Agenda na Saladearte: A Vida Invisível retrata o encontro-desencontro de irmãs marcadas pelo machismo

Por Luca Agra e Luciana Freire

O filme indicado pelo Brasil à corrida ao Oscar é A Vida Invisível. O drama do brasileiro Karim Aïnouz foi vencedor da mostra Um Certo Olhar do Festival de Cannes este ano, e estreou nessa quinta-feira (21), no circuito Saladearte. Ambientado na década de 1950, no Rio de Janeiro, o filme retrata a separação de duas irmãs Eurídice Gusmão (Carol Duarte) e Guida Gusmão (Julia Stockler). A principal questão que atravessa o filme é o machismo estrutural da sociedade, e como as irmãs são privadas de tomar decisões sobre suas vidas.

As duas irmãs são filhas de um casal português conservador, com uma hierarquia patriarcal explícita na dinâmica da família. Eurídice é a mais nova, introvertida, e a sua maior paixão é tocar piano. Ela sonha em estudar na Escola de Viena, desejo que persegue até o seu último fio de esperança. Guida é extrovertida, inconsequente, segue seus impulsos. Assim a trama se desenrola, Guida foge apaixonada com o grego Yorgus deixando a família abalada pela vergonha e Eurídice com o coração partido, culpada por ter a acobertado nas saídas a noite e triste pelo sentimento de abandono pela a irmã que amava tanto.

O filme é sobre o encontro-desencontro das irmãs e o amor pela família. Carol Duarte e Julia Stockler têm boa atuação durante todo o filme, são parecidas e convincentes sobre seu amor e determinação. Gregório Duvivier, conhecido por seus trabalhos de humor, foi convincente no drama como marido patético representando a masculinidade frágil. 

A ambientação no Rio de Janeiro na década de 1950 foi um recurso muito explorado, principalmente ao utilizar cartas para narrar o crescimento da personagem Guida. A cidade tem atenção em diversas cenas quase como um personagem. A Mata Atlântica envolve o elenco. Ela é mata fechada nos momentos de desespero e fica ao horizonte quando o sentimento é de saudade. Assim como o Cristo Redentor e o porto de navios da cidade, que aparecem como se deixassem explícita a espera e os braços abertos para o encontro das irmãs em um Rio de Janeiro que chove e sempre faz calor.

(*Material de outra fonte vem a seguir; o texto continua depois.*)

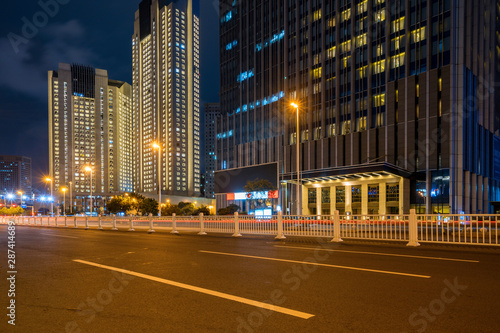 Office buildings and highways at night in the financial center, qingdao, China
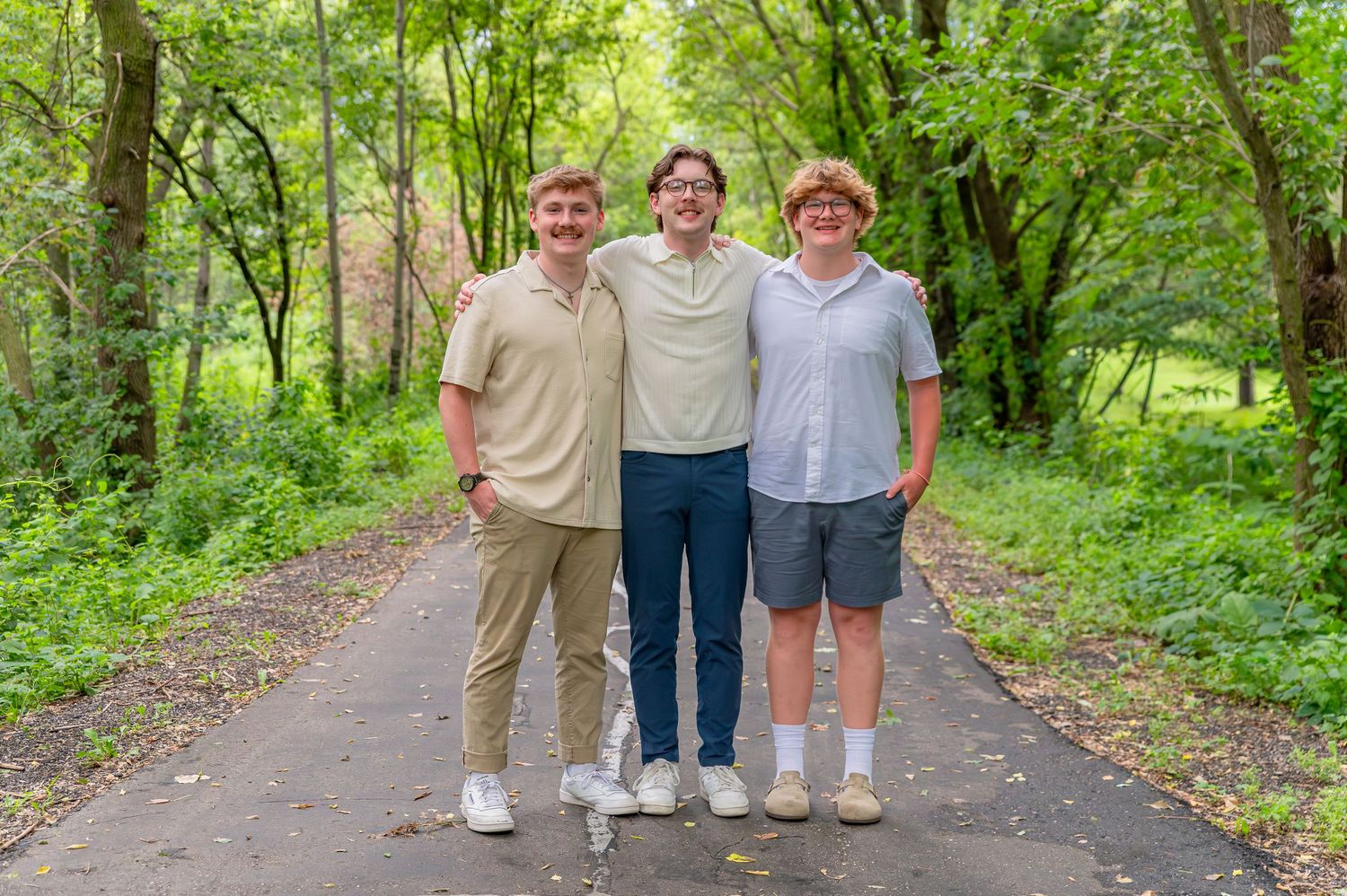 Three people stand together smiling on a tree-lined path surrounded by lush green foliage on a sunny day.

O tema do filme é pesado. As irmãs passam por vários dilemas em torno do machismo estrutural. Elas não tiveram escolha sobre casamento, sobre maternidade e trabalho. Ao perseguir seus sonhos eram desencorajadas, apontadas como loucas, julgadas como mulheres vulgares ou simplesmente negadas pelo sistema burocrático do Estado. Situações que até hoje se repetem.

A iluminação sobre o que se quer colocar o foco foi outro recurso significativo no filme. Luzes amarelas, verde, rosa e roxo são muito fortes nos ambientes noturnos e por isso a fotografia chama atenção. Sempre com o Rio de Janeiro ao fundo, a iluminação é algo que reverbera na memória sobre o filme porque é possível lembrar do sentimento da trama e da sua experiência pessoal através das cores.